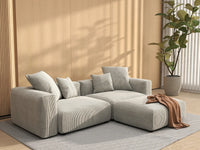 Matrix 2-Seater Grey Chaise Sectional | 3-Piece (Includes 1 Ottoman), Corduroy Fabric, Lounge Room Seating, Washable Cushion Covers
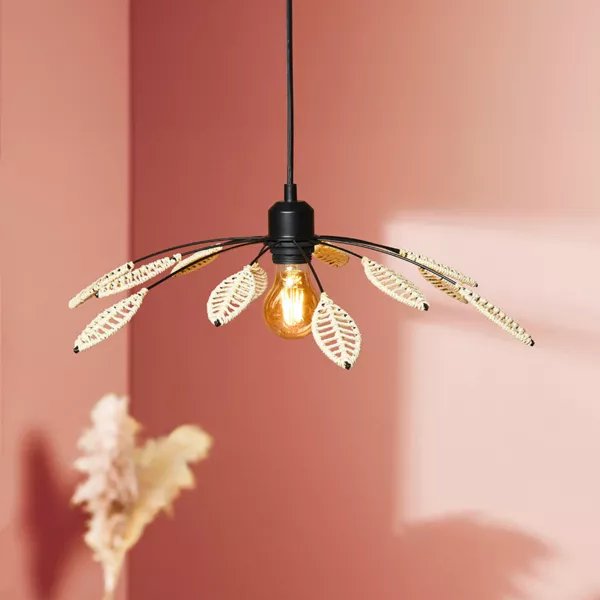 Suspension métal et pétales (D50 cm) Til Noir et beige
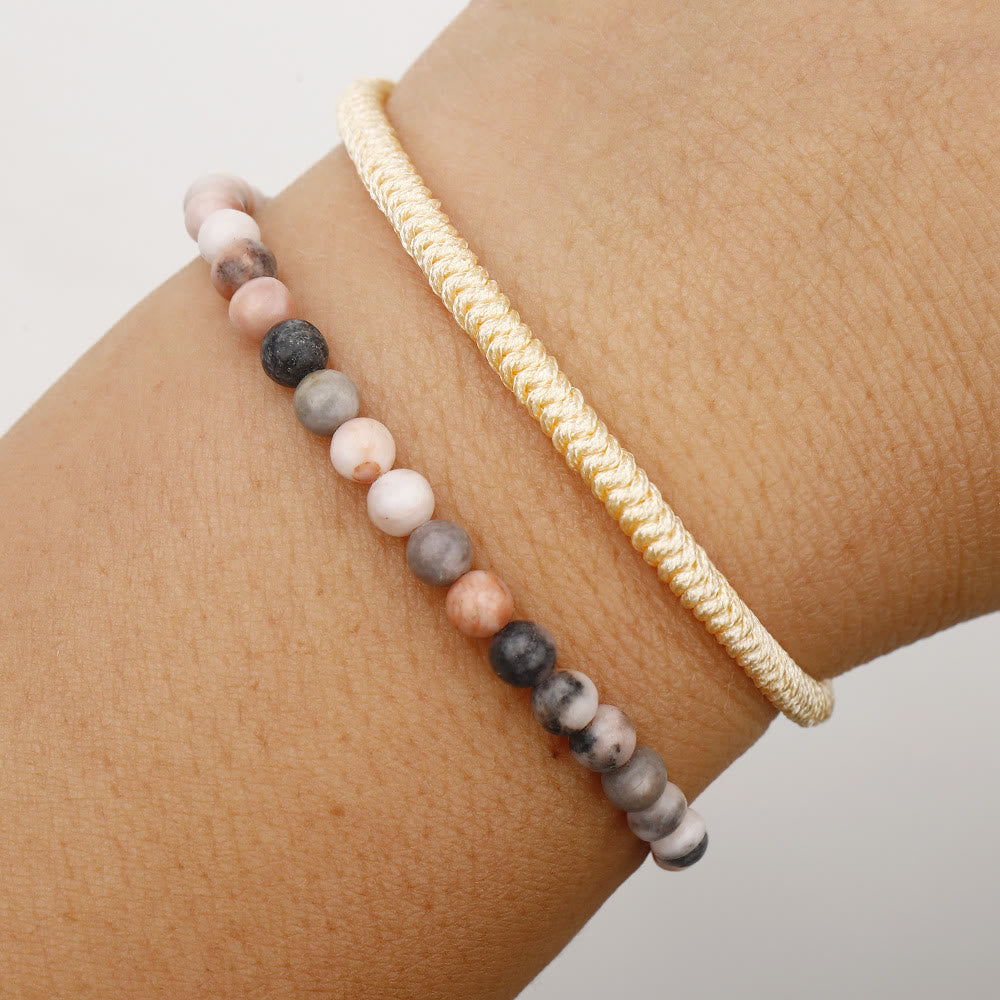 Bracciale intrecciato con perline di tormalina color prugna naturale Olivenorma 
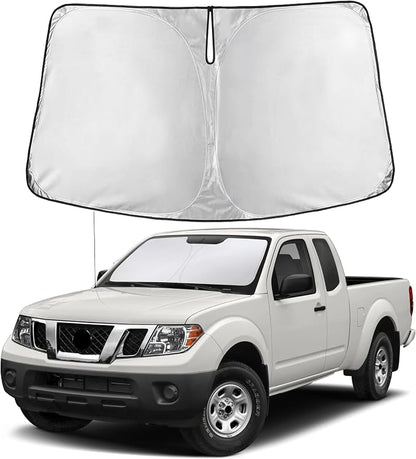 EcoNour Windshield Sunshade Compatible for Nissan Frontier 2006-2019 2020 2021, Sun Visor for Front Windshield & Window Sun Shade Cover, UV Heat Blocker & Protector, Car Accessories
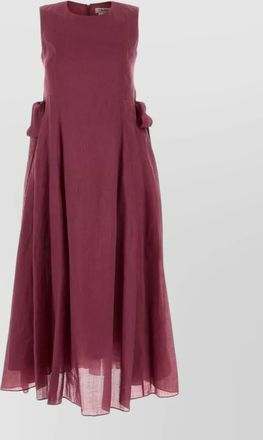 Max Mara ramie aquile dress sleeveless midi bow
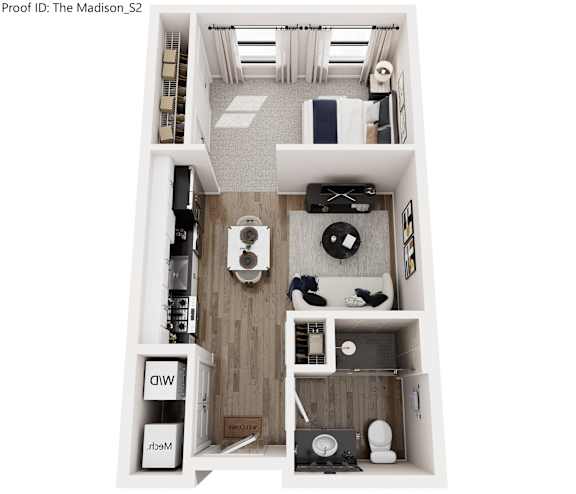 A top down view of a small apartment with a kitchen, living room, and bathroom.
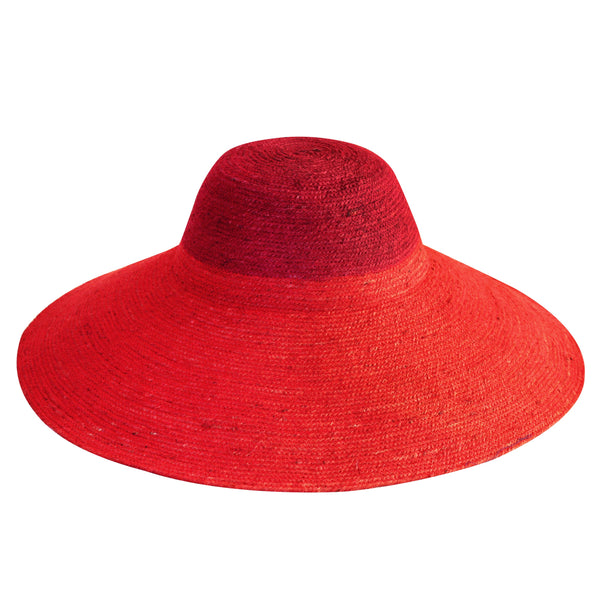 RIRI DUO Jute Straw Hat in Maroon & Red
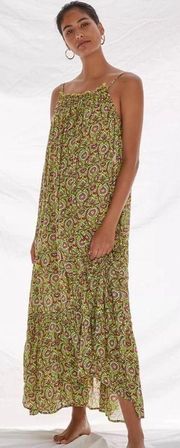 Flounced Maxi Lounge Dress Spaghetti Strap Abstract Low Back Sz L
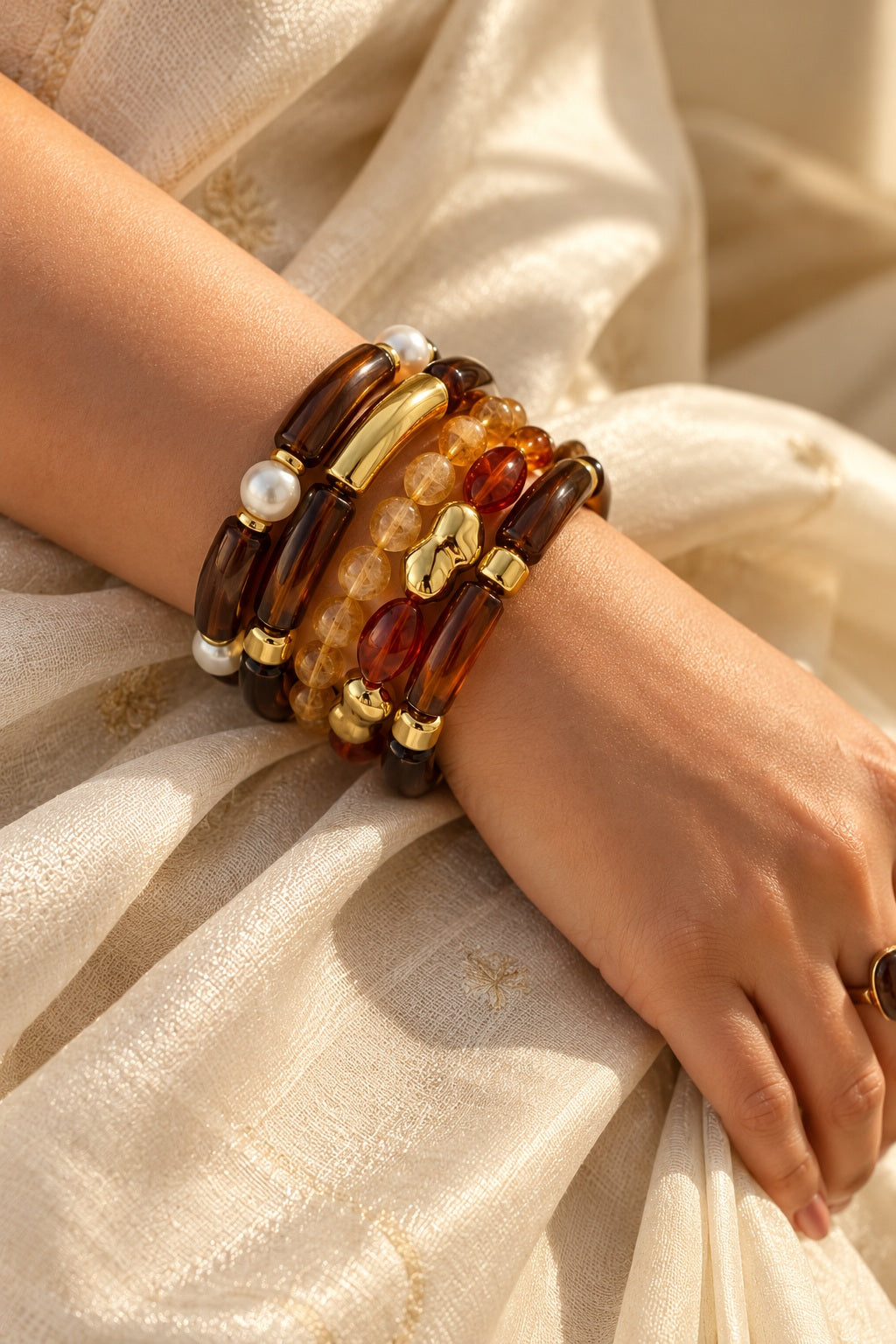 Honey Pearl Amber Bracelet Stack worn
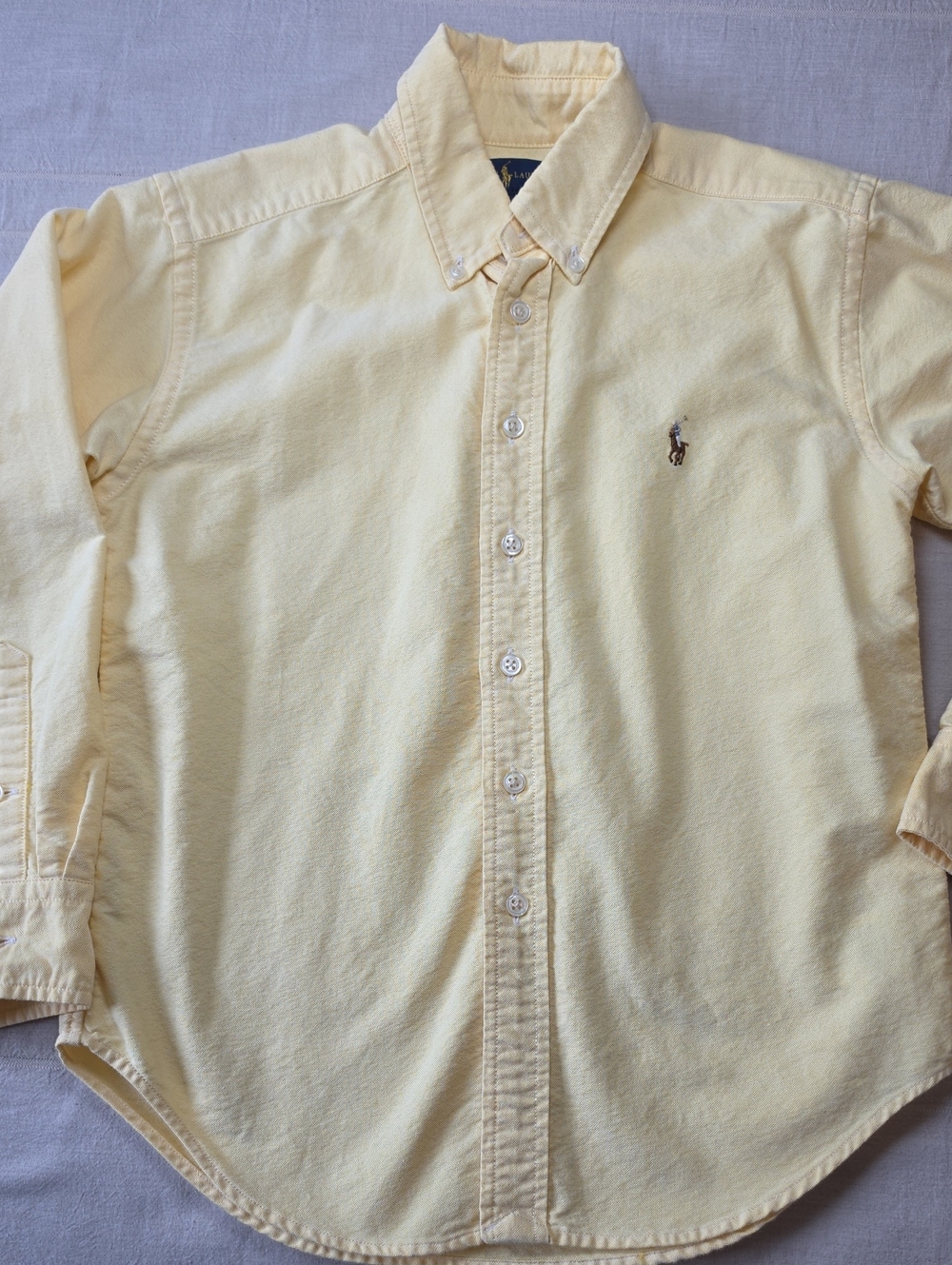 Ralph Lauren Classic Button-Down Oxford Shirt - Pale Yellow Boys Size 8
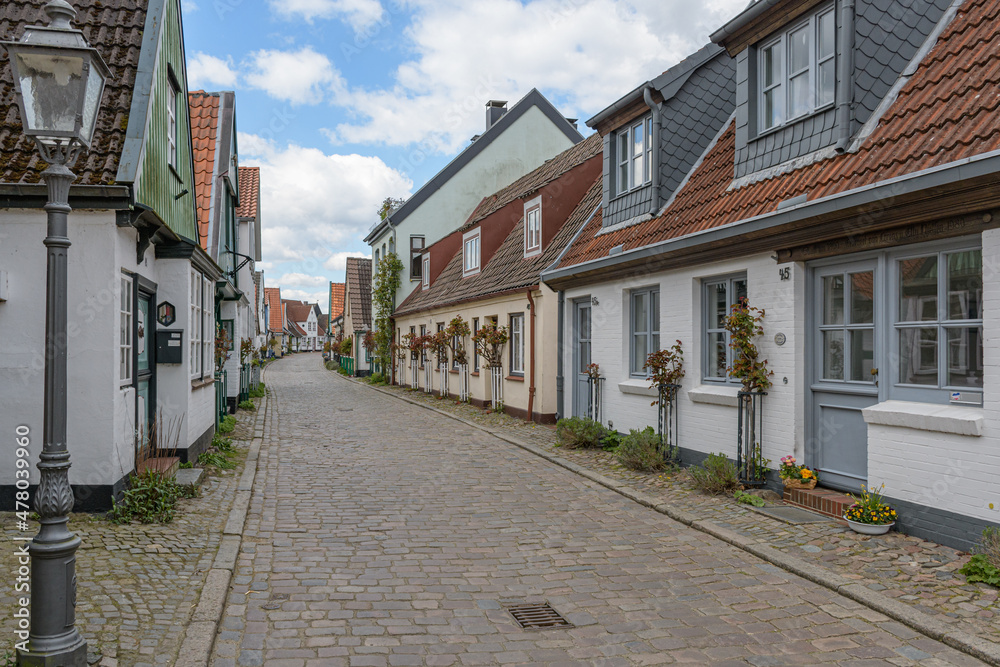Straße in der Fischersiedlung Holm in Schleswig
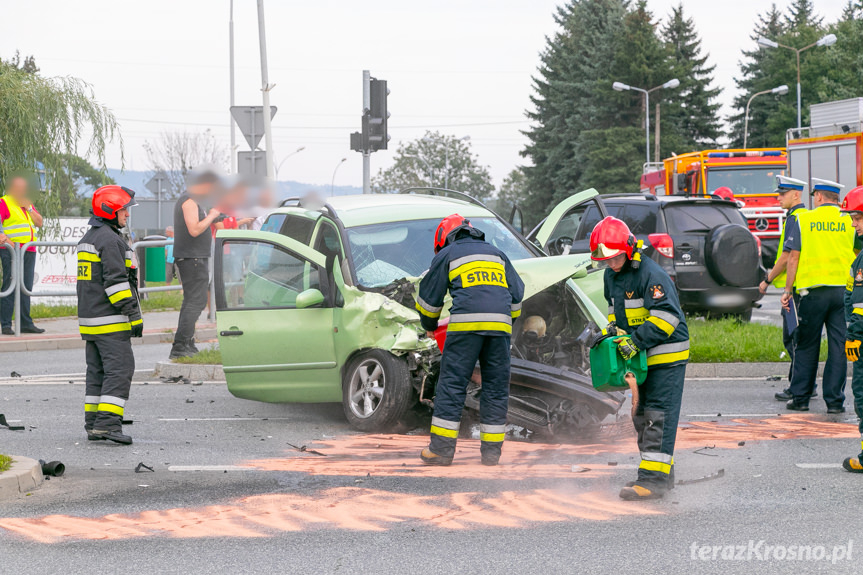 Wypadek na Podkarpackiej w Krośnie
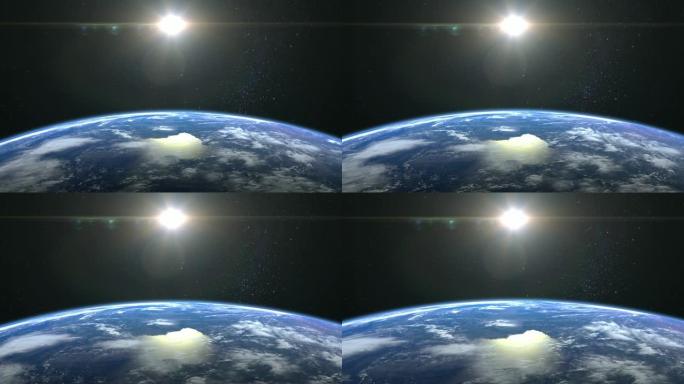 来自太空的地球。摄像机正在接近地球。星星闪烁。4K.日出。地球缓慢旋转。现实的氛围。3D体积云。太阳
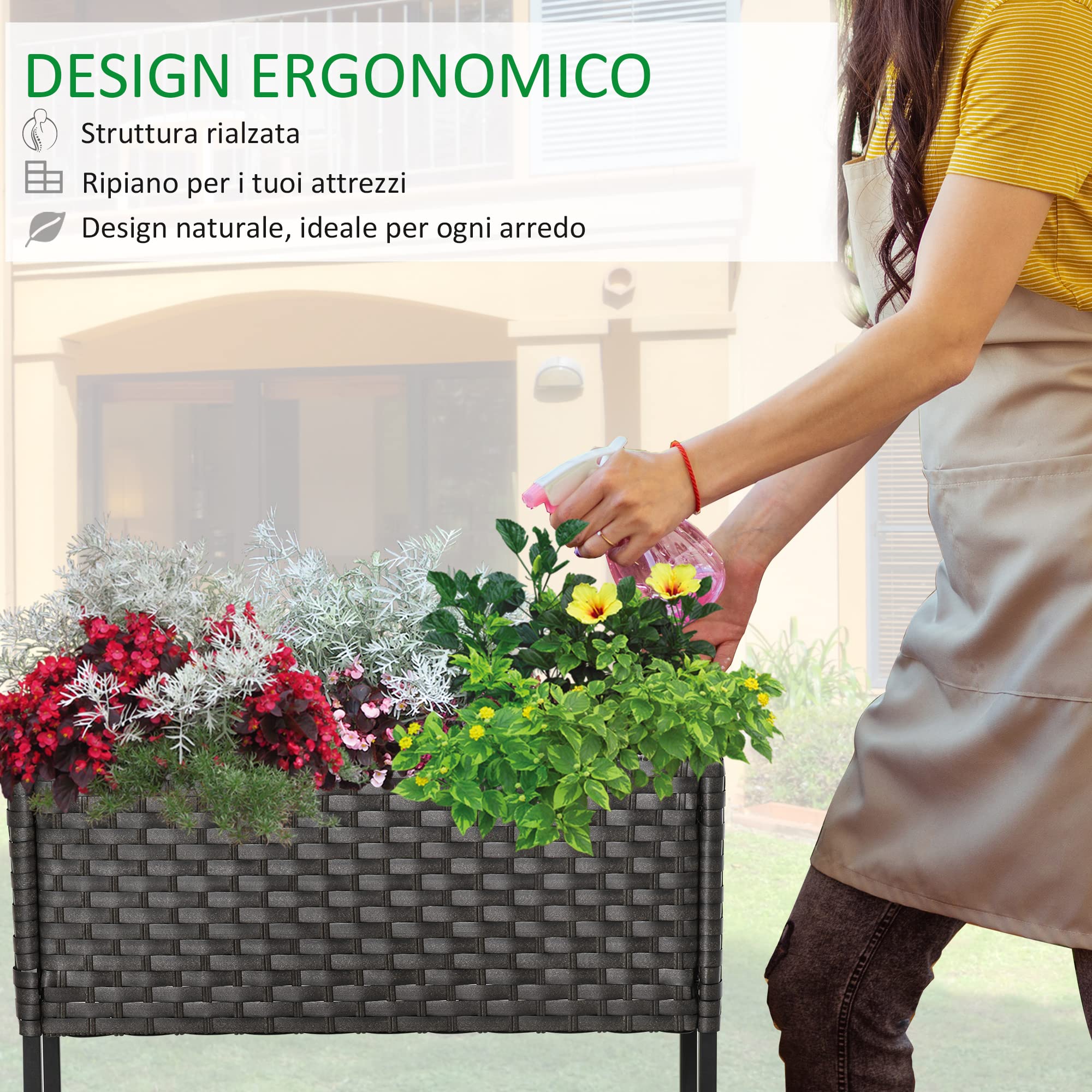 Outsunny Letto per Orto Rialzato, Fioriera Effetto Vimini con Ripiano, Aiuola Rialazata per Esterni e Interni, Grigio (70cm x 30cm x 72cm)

→ Assignment: Skip the pictures, please, and transcribe only the lines from the beginning of the material through the one that contains "Honey Pearl Amber Bracelet Stack worn".

→ Exercise response:
 Matrix 2-Seater Grey Chaise Sectional | 3-Piece (Includes 1 Ottoman), Corduroy Fabric, Lounge Room Seating, Washable Cushion Covers
 Suspension métal et pétales (D50 cm) Til Noir et beige
 Bracciale intrecciato con perline di tormalina color prugna naturale Olivenorma 
 EcoNour Windshield Sunshade Compatible for Nissan Frontier 2006-2019 2020 2021, Sun Visor for Front Windshield & Window Sun Shade Cover, UV Heat Blocker & Protector, Car Accessories
 Max Mara ramie aquile dress sleeveless midi bow
 A top down view of a small apartment with a kitchen, living room, and bathroom.
 RIRI DUO Jute Straw Hat in Maroon & Red
 Flounced Maxi Lounge Dress Spaghetti Strap Abstract Low Back Sz L
 Honey Pearl Amber Bracelet Stack worn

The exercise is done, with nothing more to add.